The unit opened in July 1965. It was named after Oscar B. Ellis, a former prison director of Texas. George Beto designed the unit, making it to be the strictest prison in the system, and Jim Estelle, the following prison director, continued the course of action Beto established.

From 1965 to 1999 the unit housed the male death row, which had moved from Huntsville Unit. Michael Berryhill, an author, said "You had the toughest convicts, and the general philosophy was you needed the toughest warden. Wallace Pack was assigned to keep the lid on Ellis. The inmates in the prison were restless. There were work stoppages and strikes, and with Judge Justice's opinion, there was an air of expectancy that the brutality and terrible conditions would end." The book In This Timeless Time includes content about the unit's death row.

In April 1981, Eroy Brown, a prisoner who had been convicted of armed robbery and burglary, drowned Wallace Pack, the warden, and shot Billy Moore, the unit's farm manager, during a struggle for Pack's gun. Brown said that they were planning to kill him since he was going to expose a prison theft scheme. Thirty-five of 36 jurors voted in Brown's favor.

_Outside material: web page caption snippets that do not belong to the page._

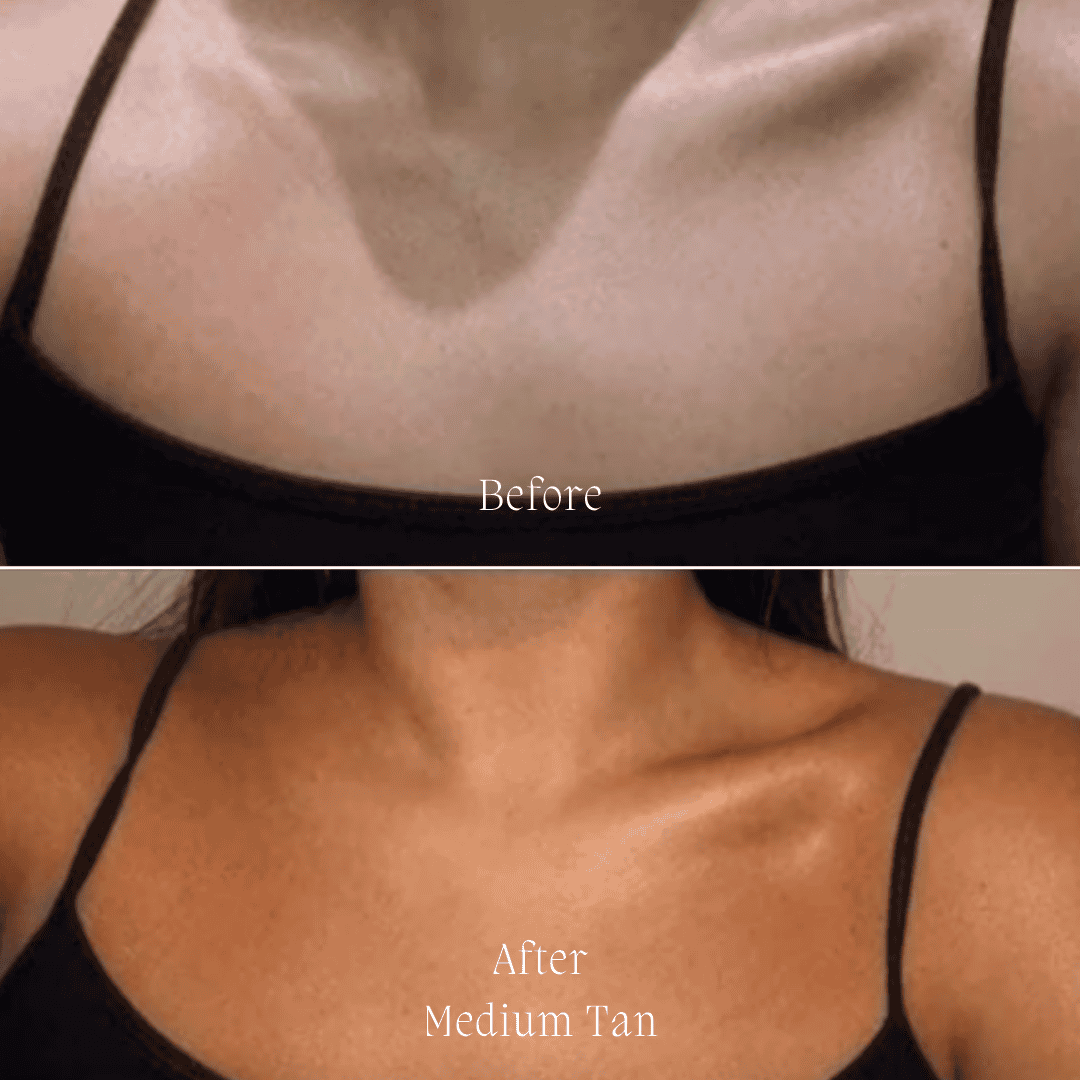 Before and after image showing the medium tan result of Surf & Body Summer Glow Hyaluronic Tanning Drops on a woman's chest, highlighting the product's natural bronzing effect.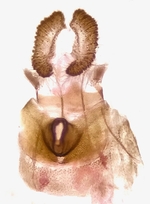 Female genitalia; Henderson County; Jim Petranka. 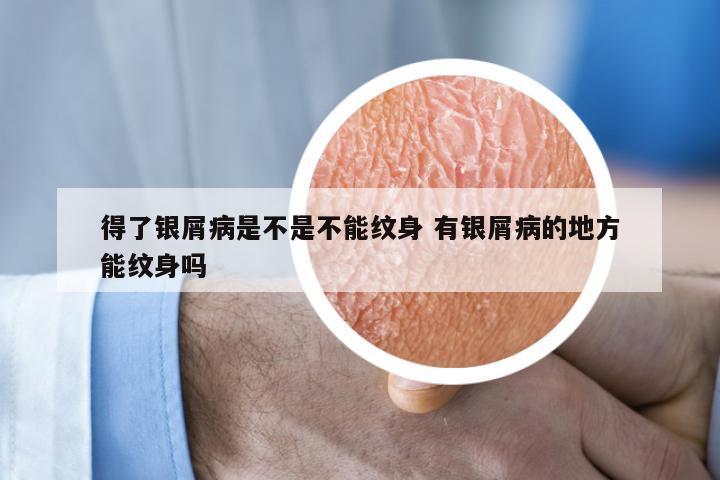 得了银屑病是不是不能纹身 有银屑病的地方能纹身吗
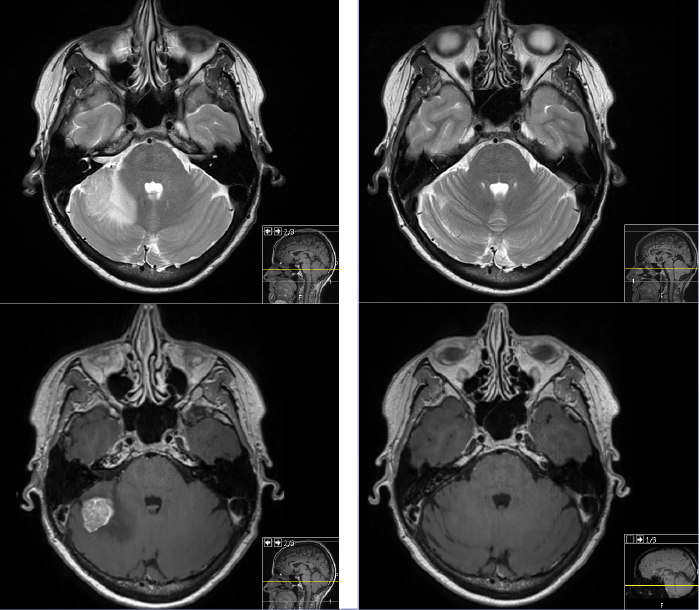 Bilde 3. Hjernemetastase før og 5 måneder etter stereotaktisk strålebehandling. (Avd for radiologi OUS)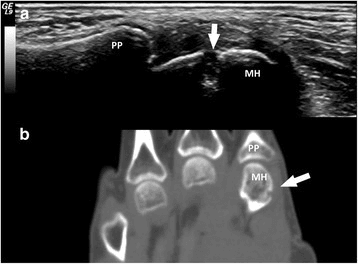 Longitudinal ultrasound and coronal CT of a second MCP joint showing a metacarpal-head erosion in rhupus syndrome
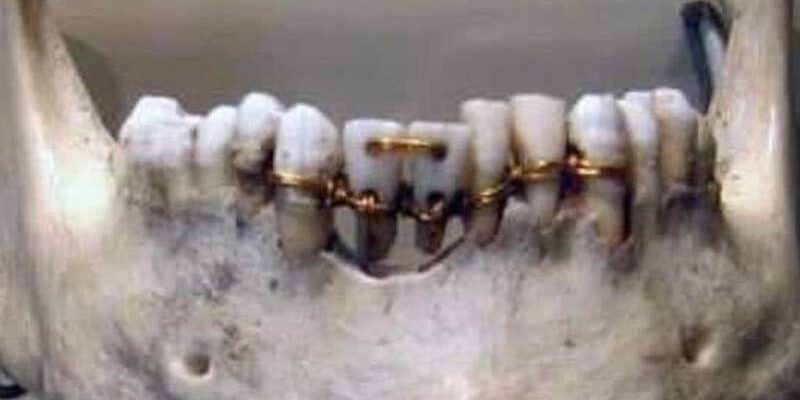 Ókori fogszabályozás Ókori fogszabályozás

After a prisoner named Rodney Hulin fatally injured himself at the Clemens Unit, he was transferred to the Hospital Galveston Unit and then the Ellis Unit. Hulin died in the Ellis Unit in 1997.

In November 1998, six condemned men were absent from their cells for several hours and then coordinated an escape attempt. One of the men, Martin Gurule (TDCJ# 999063), successfully escaped and was later found dead in a location near the prison grounds. TDCJ officials said that he drowned on the day of his escape. According to the TDCJ, the prison escape attempt had hastened the agency's decision to move death row inmates to a new location. TDCJ officials also stated that overcrowding at Ellis was another factor in the death row move.

Six months after the escape attempt, the TDCJ decided to move the death row. The Texas Board of Criminal Justice approved the relocation of the men's death row on Friday May 21, 1999. In 1999 the male death row was relocated to the Polunsky Unit (originally known as the Terrell Unit) in West Livingston, Texas. The first 55 inmates, all classified as being disruptive, were moved on Friday June 18, 1999. The death row transfer, which took ten months, was the largest transfer of condemned prisoners in history and was performed under heavy security.

In 2011, the Ellis Unit furniture and wood plant was moved to the Lewis Unit.

==Facilities==
It has a capacity of about 2,000 prisoners.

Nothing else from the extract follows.